# Task instructions
Among the entries below, only the lines from the one with "Iris & Lilly" through the one with "Shinee versión simplicidad" are wanted, reproduced exactly. Pictures are not wanted.

# Supplied material

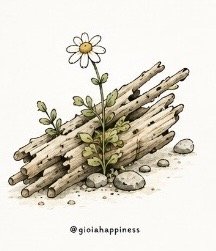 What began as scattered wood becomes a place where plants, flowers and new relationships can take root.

---

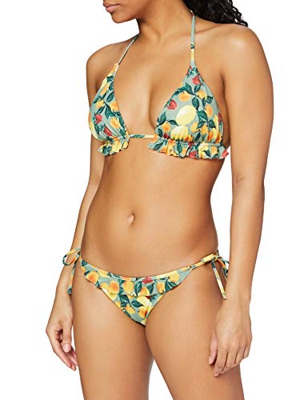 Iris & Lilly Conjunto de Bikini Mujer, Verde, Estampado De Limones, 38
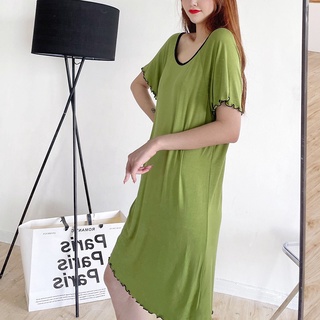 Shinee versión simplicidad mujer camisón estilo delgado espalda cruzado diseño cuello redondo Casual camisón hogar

# The answer
 Iris & Lilly Conjunto de Bikini Mujer, Verde, Estampado De Limones, 38
 Shinee versión simplicidad mujer camisón estilo delgado espalda cruzado diseño cuello redondo Casual camisón hogar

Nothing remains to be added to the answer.